HANDOUT 9 Flashcards
If Y2i is NOT non-stochastic do we have an issue?
YES - this means Y2i is endogenous
Variables that determine attendance
Attend = f(quality, time, location, past-performance) + €2i
Where €2i = motivation, interest, ability = unobservables
What variables determine €1i
€1i = random luck + same unobservables
COV(€1i, €2i)
> 0
higher ability = higher performance
higher ability = higher attendance
COV(attend, €2i)
> 0 by definition
Therefore, COV(attend, €1i)
≠ 0 –> VIOLATES CLRM
Why can’t we use OLS when we have an endogenous variable?

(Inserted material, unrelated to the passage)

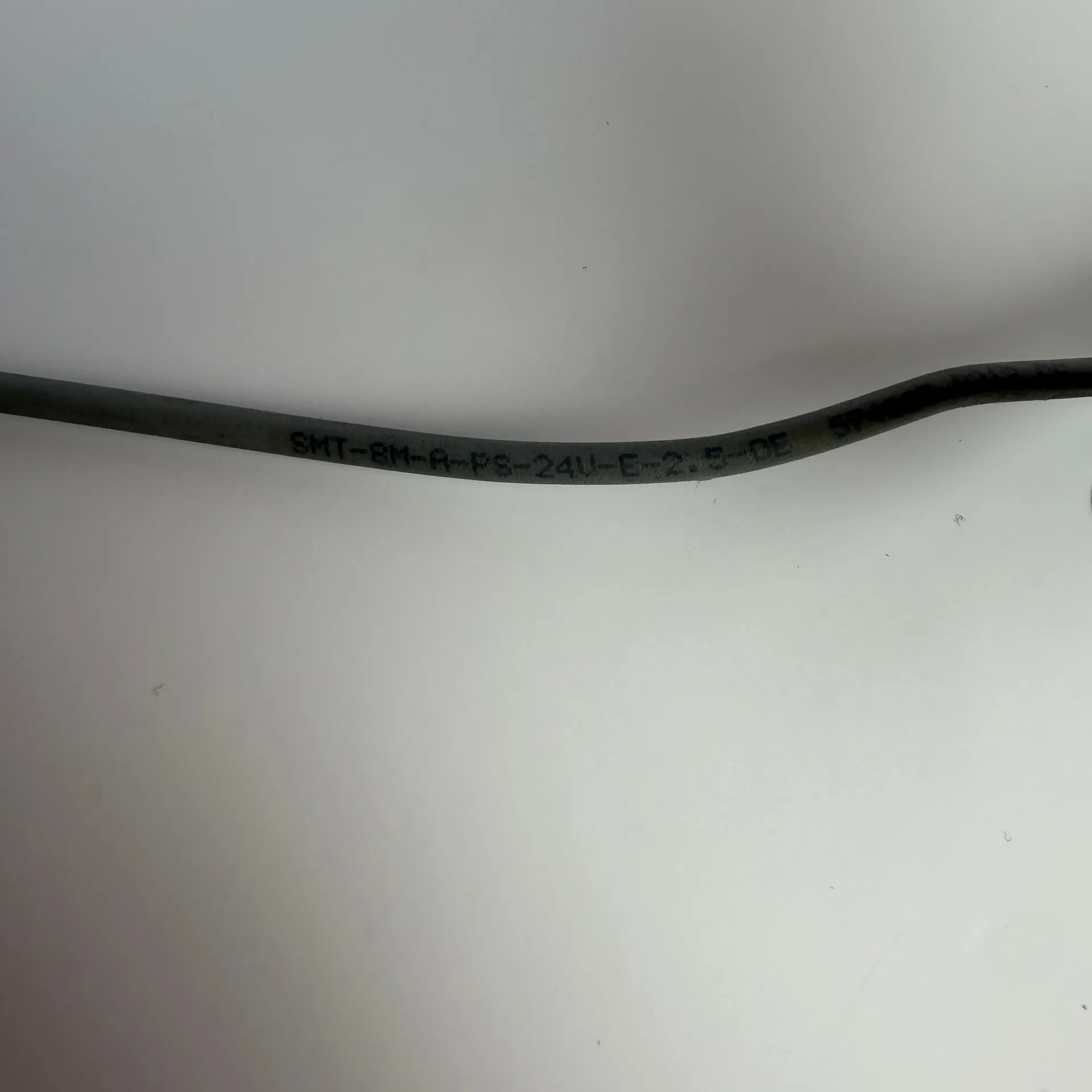 Festo 574335 SMT-8M-A-PS-24V-E-2,5-OE PNP Proximity Sensor 100cm Cable - Thumbnail 6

As E(€1i I endogenous variable) ≠ 0 Therefore OLS is BIASED
Implication for OLS estimate of coefficient on attend
As COV(€1i, €2i) > 0 –> UPWARD BIAS
- OLS will overestimate the coefficient on attend
- We get a very positive significant coefficient on attend
- attend could actually have no effect on performance, but appears to have on driven by unobservables
IF COV(€1i, €2i) < 0, OLS –>
DOWNWARD BIAS
Solution to endogeneity
= IV estimation
Two stage least squares
What does IV estimation try to do?
We want a variable that looks like attendance, but it unrelated to €1i.

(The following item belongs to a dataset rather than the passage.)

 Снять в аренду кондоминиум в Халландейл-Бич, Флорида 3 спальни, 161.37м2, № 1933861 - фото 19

Replace attend by variables that determine attend but are unrelated to €1i.
2 components of attendance
- systematic - could be instruments
2. random = €2i = get rid of
two stages of IV
- regress attend on instruments that are relevant and exogenous & save fitted values
- Replace attend by attend^ in original regression equation
Is IV unbiased?
NO - but it is CONSISTENT
As n–>infinity, E(b3)–>B3
How can TIME of seminars be a valid instrument for attendance?
If time of seminars is randomly allocated by tabula = unrelated to motivation, interest and ability.
So include 1. Mon/Fri dummy and 2. 9am dummy
Why do we include the original exogenous variables female and a-level when we regress attend on its instruments?
We want the coefficient on attend hat to explain variation in perf over and above females and a-levels “holding all else constant”. If we didn’t include them, maybe the instruments are related to females and a-levels.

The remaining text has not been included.